In my opinion as a historian, current developments in these areas are at least as significant as what has happened during some of the most important awakenings of history. In the completely different order of magnitude in the numbers of people coming to Christ than was the case just prior to it. At TACF alone, over the past four years, more than 15,000 people have come to Christ and crime rates in places like northern England and New York City have dropped significantly. These are dramatic signs of revival.

Nevertheless, although revivals have many things in common, each is unique. Different characteristics become prominent in each, as God moves with varying intensity in the way that He brings repentance, reform in doctrine or practice, inner healing, miracles, missions, evangelism, holiness, social change, or charismatic gifts. 

True of all revivals is the fact that God initiates and supernaturally empowers them. On this basis alone, and regardless of whether or not large numbers of conversions and social changes are taking place, we would still be in the midst of revival, as defined historically.

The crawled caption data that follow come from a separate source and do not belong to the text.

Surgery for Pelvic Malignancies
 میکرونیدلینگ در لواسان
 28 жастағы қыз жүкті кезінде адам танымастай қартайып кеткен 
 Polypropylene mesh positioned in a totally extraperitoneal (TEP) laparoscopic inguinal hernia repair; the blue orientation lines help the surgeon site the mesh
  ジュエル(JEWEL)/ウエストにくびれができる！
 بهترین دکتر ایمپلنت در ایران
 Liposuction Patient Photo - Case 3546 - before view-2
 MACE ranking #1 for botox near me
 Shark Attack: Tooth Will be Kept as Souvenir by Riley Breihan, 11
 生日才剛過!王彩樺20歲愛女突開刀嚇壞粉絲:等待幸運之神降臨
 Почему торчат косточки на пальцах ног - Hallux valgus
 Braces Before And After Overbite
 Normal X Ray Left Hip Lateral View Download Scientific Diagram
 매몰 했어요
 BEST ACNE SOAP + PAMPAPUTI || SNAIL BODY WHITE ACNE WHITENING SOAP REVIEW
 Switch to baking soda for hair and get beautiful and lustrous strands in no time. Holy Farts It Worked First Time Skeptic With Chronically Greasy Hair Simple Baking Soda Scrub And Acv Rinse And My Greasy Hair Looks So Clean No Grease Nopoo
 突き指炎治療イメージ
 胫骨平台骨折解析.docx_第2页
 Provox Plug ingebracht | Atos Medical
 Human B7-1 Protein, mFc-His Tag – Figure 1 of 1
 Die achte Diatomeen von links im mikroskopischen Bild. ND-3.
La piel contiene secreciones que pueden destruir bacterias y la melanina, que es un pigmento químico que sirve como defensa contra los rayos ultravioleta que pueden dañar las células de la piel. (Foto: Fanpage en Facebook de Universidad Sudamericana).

But are we not in the initial stages of something that will soon be much greater, and shouldn't we adopt terminology to convey this?

In my opinion, this question minimizes what God is already doing and takes for granted the validity of certain inappropriate assumptions concerning revival. We are in danger of missing our day of visitation if we set our hearts too much upon our own expectations for the future. Let's remember to seek God for Himself, not for anything He might do for us.

I do personally believe, however, that God will do much greater things in the days ahead. This expectation does not arise from preconceptions about revival, but from faith in His greatness and ability to do far more than we could ever ask or imagine. Let's allow God to be God! We may well see some of the most dramatic things that will ever take place in all of history in the future. But if that happens, then we will have gone beyond revival into something that has no historic precedent.